60 Jahre Freddy „Weihnachten auf hoher See.“
Tja, wie unterschiedlich das ein oder andere doch auf den ein oder anderen wirkt. “Wish You Were Here” von Pink Floyd habe ich in den 70ern so oft abgespielt, dass ich dieses Album danach nicht mehr hören konnte. Deep Purple habe ich nie exzessiv gehört, deswegen vertrage ich die bis heute wohl immer noch so gut. Allerdings ein Lied konnte ich schon in den 70ern nicht ab: dieses dämliche Da-Da-Daaa, Da-Da-Dadaa. Das war nämlich das einzige Lied aus dem Hardrock-Bereich, das diejenigen mochten, die von “uns” als geistig Behinderte bezeichnet wurden, sonst hörten die nämlich immer nur “Disko”, Saturday Night Fever und so. Deep Purple sind dann richtig gut, wenn sie “eigene Ideen” von Songs umsetzen. Daher gehört das 2013 erschienene Album “Now what?!” nicht nur zu den besten, die sie je gemacht haben, sondern ist auch mein Lieblingsalbum der Gruppe. Das Gegenteil von “eigenen Ideen” sind solche Songs, wo sie die unerträglich ausgelutschte Blues-Schiene unbedingt nochmal glauben bedienen zu müssen - und das geschieht bei ihnen bis zum heutigen Tag geradezu krankhaft oft. Das geht klischeemäßig in etwa so: My father was a poor man (Gitarre: Dadaa, dadaaa), but he was a happy man (wieder Gitarre: Dadaa, dadaaa). He said: I don’t need money (die unvermeidliche Gitarre und sonst nix: Dadaa, dadaaa), because I got my songs (genau, jetzt wieder die Gitarre: Dadaa, dadaaa).

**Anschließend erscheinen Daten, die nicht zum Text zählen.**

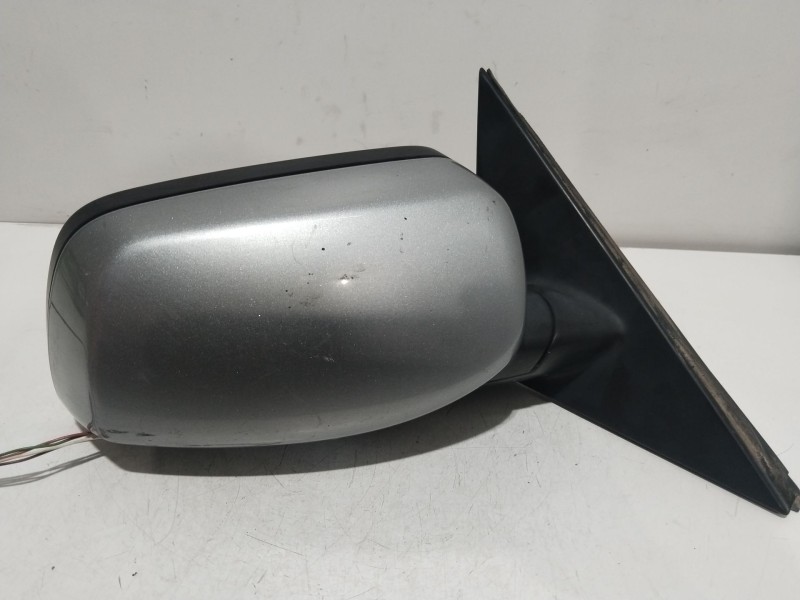 Recambio de retrovisor derecho para bmw 5 (e60) 525 d referencia OEM IAM 51168266604  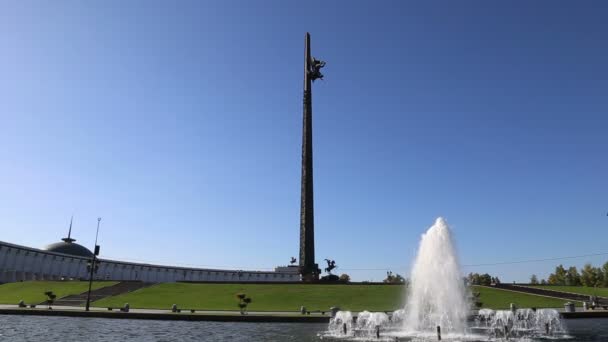 Monumento a la guerra en Victory Park en Poklonnaya Hill, Moscú, Rusia. El complejo conmemorativo construido en memoria de aquellos que murieron durante la Gran Guerra Patriótica — Vídeos de Stock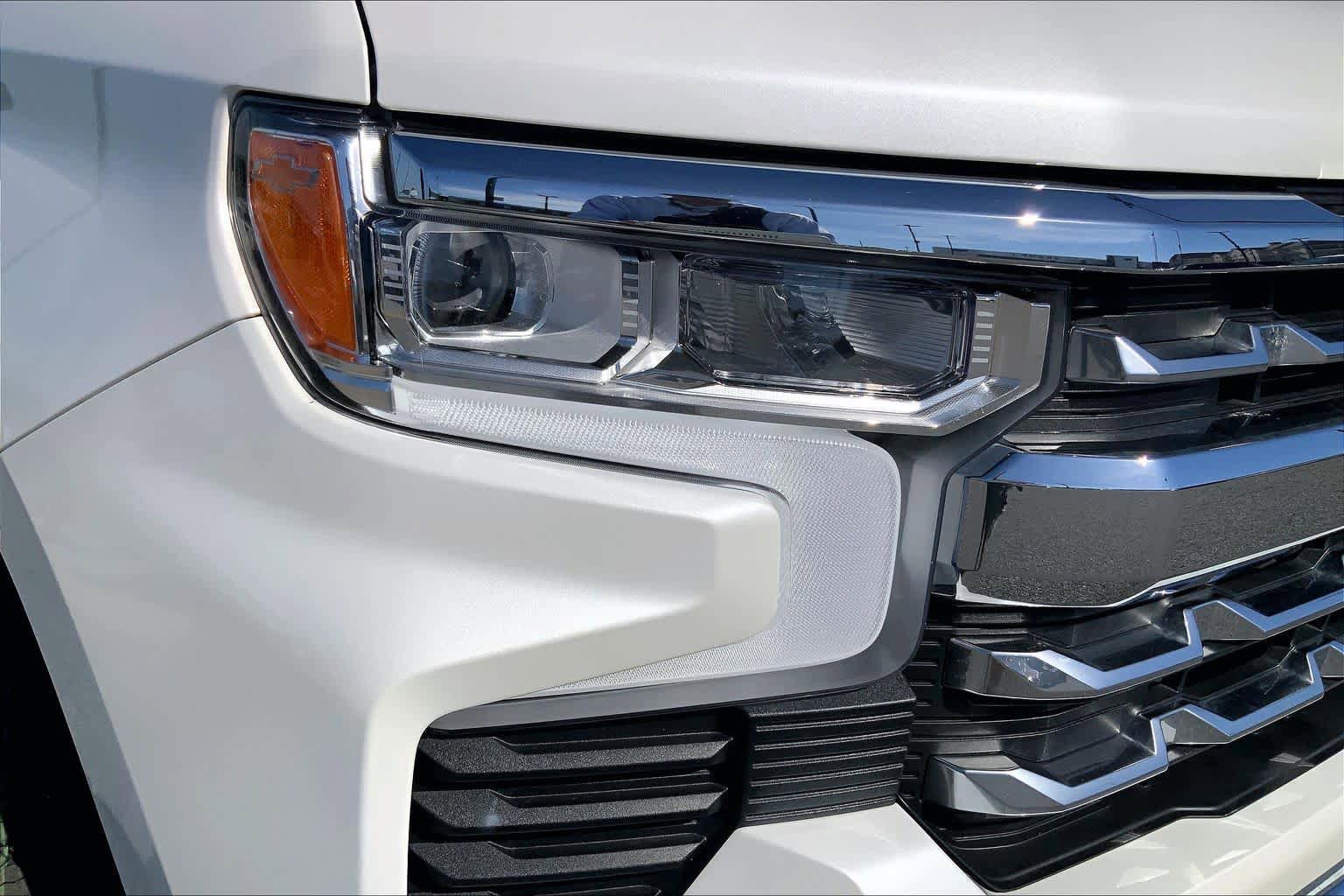 Used 2025 Chevrolet Silverado 1500 LTZ w/ LTZ Premium Package AWD/4WD image 26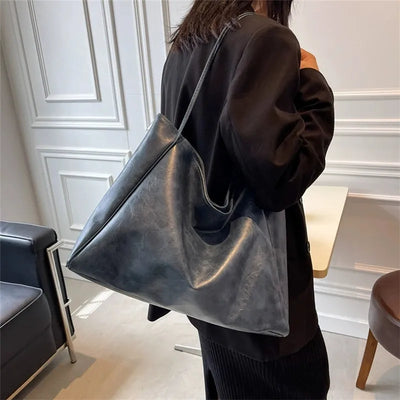 Lisa™ – Romslig Brun Tote Bag i Skinnimitasjon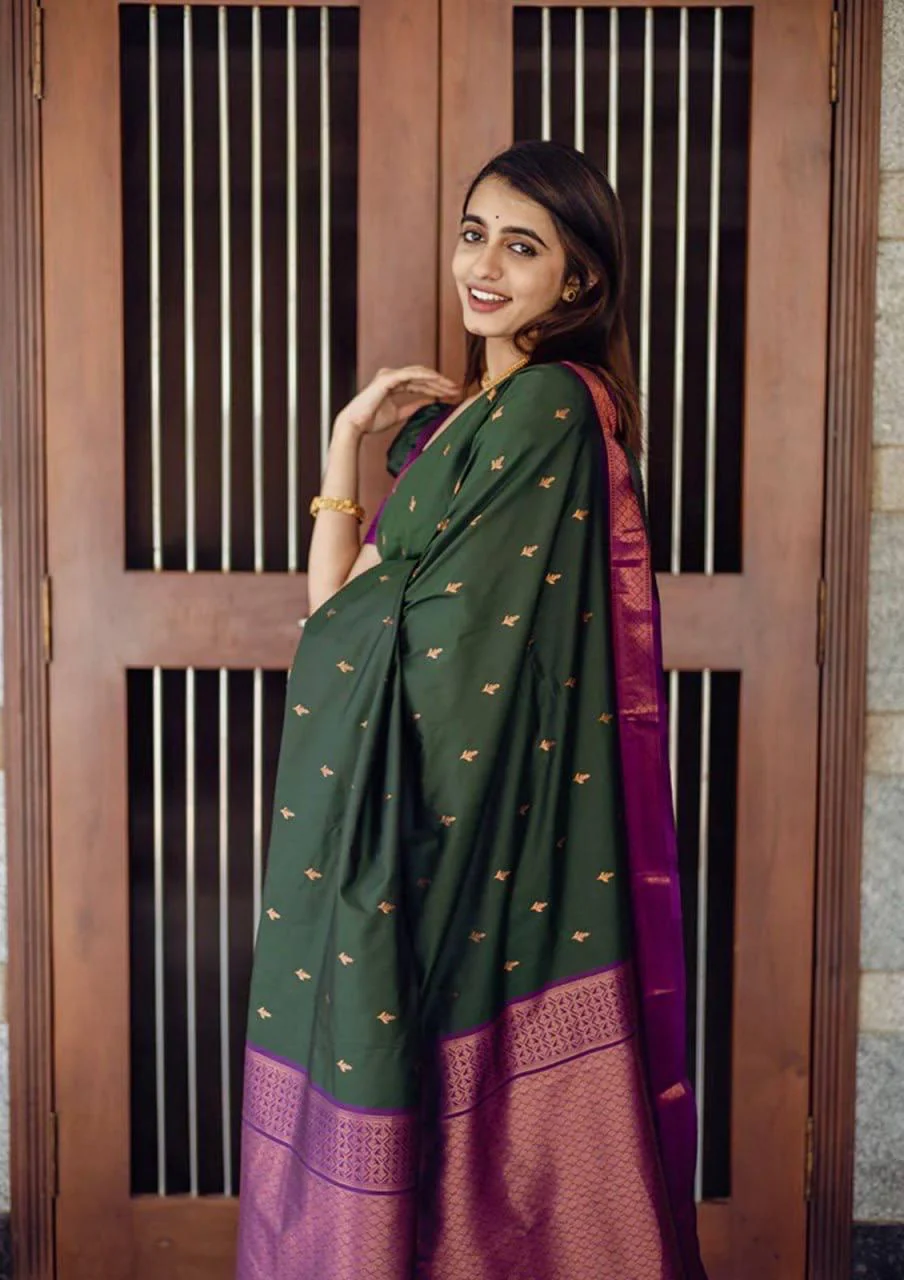 Precious Green Soft Silk Saree With Energetic Blouse Piece - Image 6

Deep Purple versteht man nur als Boomer. „Child in Time” durfte als Engtanz-Knutsch-Nummer auf einer Schülerparty in den 1970er ebenso wenig fehlen wie „Stairway to Heaven”, der Rest war dann igendwie egal, Meat Loaf und Bonny M ging auch immer, und als Besenmusik Heino. Diese Zeiten sind vorbei. Die Schülerzeit meiner Kinder war in den 1990ern und 2000ern, sie hatten Techno, den Pop und Boys Groups, aber schon keine Partys mehr (es war die hohe Zeit der Clubs) jetzt ist die erste Enkelin im Teeniealter und, während manche Dinge sich nie ändern, sind die Zeiten doch ganz andere. In einem Raum nebeneinander zu sitzen, um auf Smartphones kichernd (aber jeder für sich) Tiktok anzusehen, dafür gab es früher kein Pendant, und darüber bin ich froh. Und auch darüber, daß es in meiner Klasse, von der 1. bis zur 13., nur deutsche Kinder gab. Was ich da bei meiner Enkelin erlebe… besser wirds nimmer.